The roof of the monument consists of a flat surface with a grave in its center (figure 2.1.2). To the North side an Ordovician sandstone hill formation is carved in such a way that people can climb an inclined path to reach behind the top of the monument. At this point the surface is flattened so that a small wooden or stone bridge provides access to the roof and the grave. This is sensible as the need to burry a person on the top requires this arrangement, although it is surprising that an incline plane rather than a staircase was used for the purpose of the climb. No evidence is noted that the incline was a staircase whose steps have been completely weathered. Perhaps the difficult climb was intentional to discourage climbing by unauthorized persons. 

At the bottom of the Northern sandstone hill a channel that has been carved to carry clay water piping to the city of Petra. The water management around the Djin Block is extensive and its damage may have contributed to weathering of the monument.

Coming from higher up, the clay pipe meanders alongside the Outer Siq on the Northern side. It reaches around the bottom of the Djin Block number 8 and crosses above a small streambed (a wadi) to reach the floor of the Djin Block number 9, and passes into the channel at the bottom of the Northern hill. It seems to continue into or above a small streambed to the West of the Block. The small wadi lying east to the Djin Block 9, and above which the clay piping crosses, has a small dam that collects water form its upper regions. A open water channel, also coming from the higher region of the Outer Siq poured its content into the dam. 

Map of the site of Petra showing The Djin Block No. 9

Figure 1.1: East side of Djin Block 9. Right represents the Southern side

  

  

Figure 1.2- (a) Grave at rooftop with sandstone ridge behind. The ridge has a carved channel that used to carry a clay pipe behind the monument. (b) On the right a closer view of the rooftop showing the surface that was carved into a grave.

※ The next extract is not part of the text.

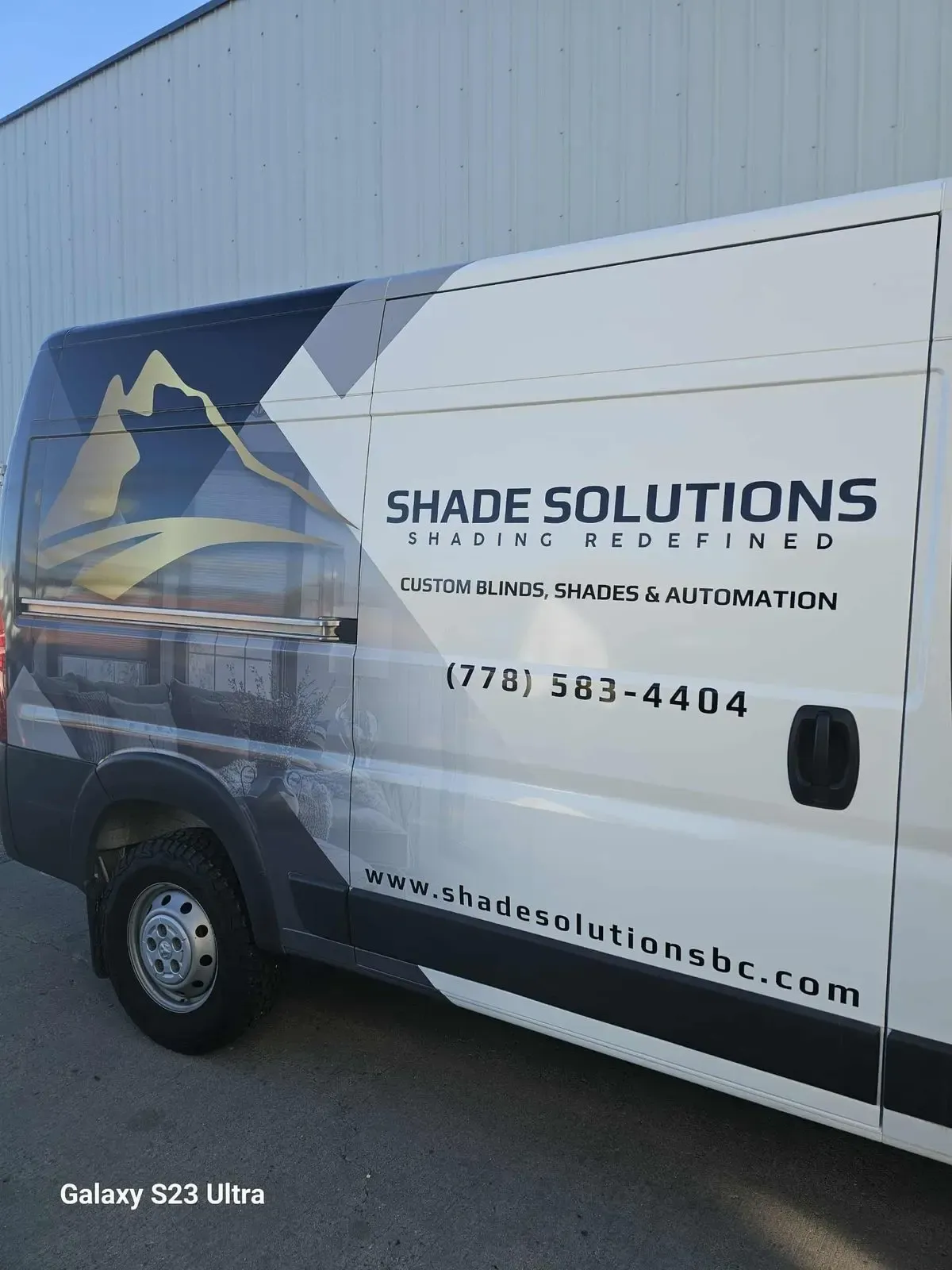 Shade Solutions cargo van fully wrapped in blue and gold graphics by Wholesale Grafix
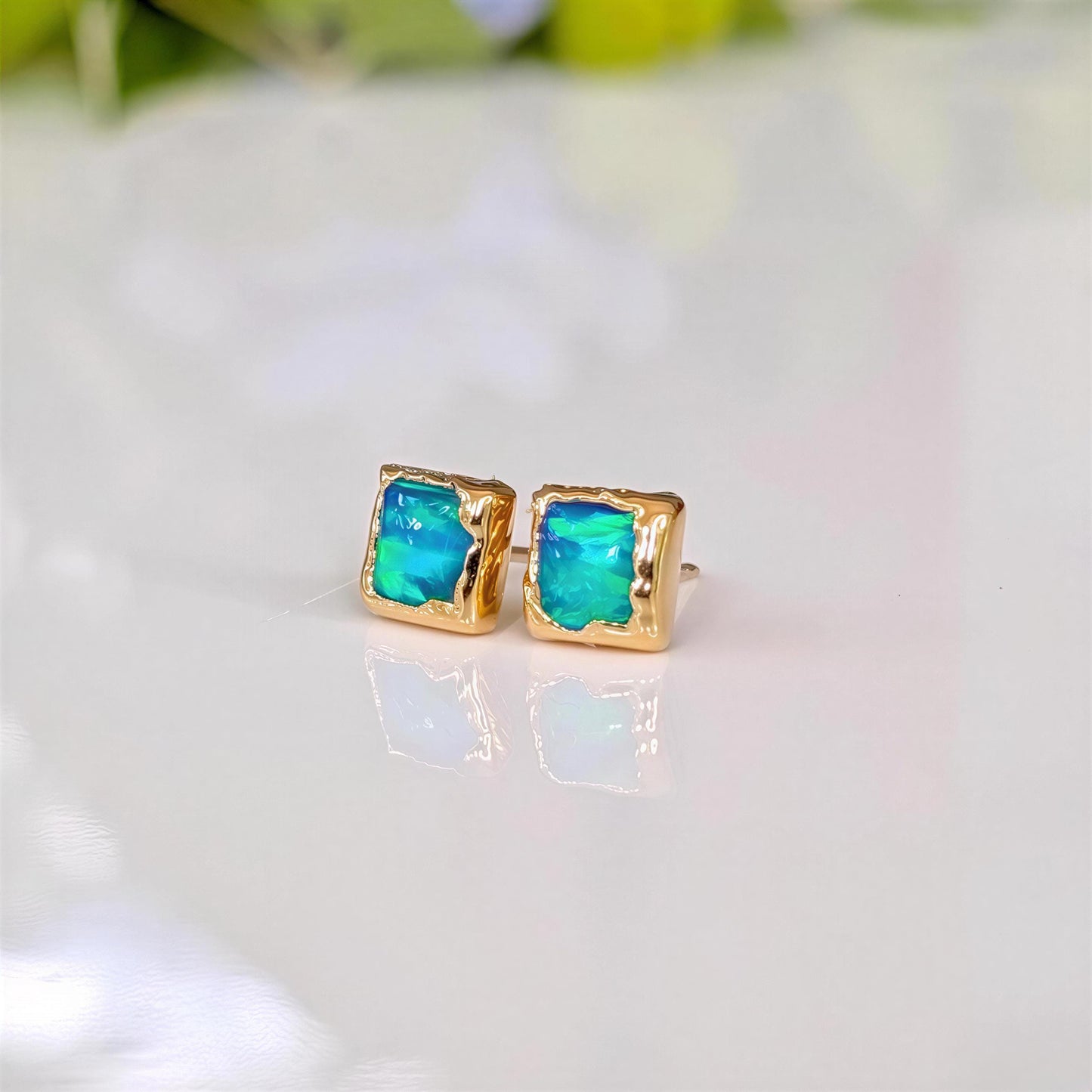 A pair of square shape flashy blue & green Opal stud earrings in Gold organic setting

Figure 4.1.3 View from top of surface workings on rooftop and on the ridge behind monument. Both surfaces were carved to prepare them to receive a platform of (wood or stone?) to allow passage from the ridge to the grave. The ridge is acceible up a difficult incline that may be the result of a carved staircase that has been completely weathered beyond any recognizable steps. Alterrnatively the inlcine was made without a staircase to discourage climbing to the grave. Center of picture shows the channels that carried water behind the Djin 9.. 

The Following pictures show the small dams that receive water from the channels in the top picture. The channel lying at a higher level pours into the dam. The clay pipe crosses above the dam and leads to the channel behind the Djin block. 

Figure 1.4 Channel outlet pouring into dam. The water pours into the Eastern dam as shown below.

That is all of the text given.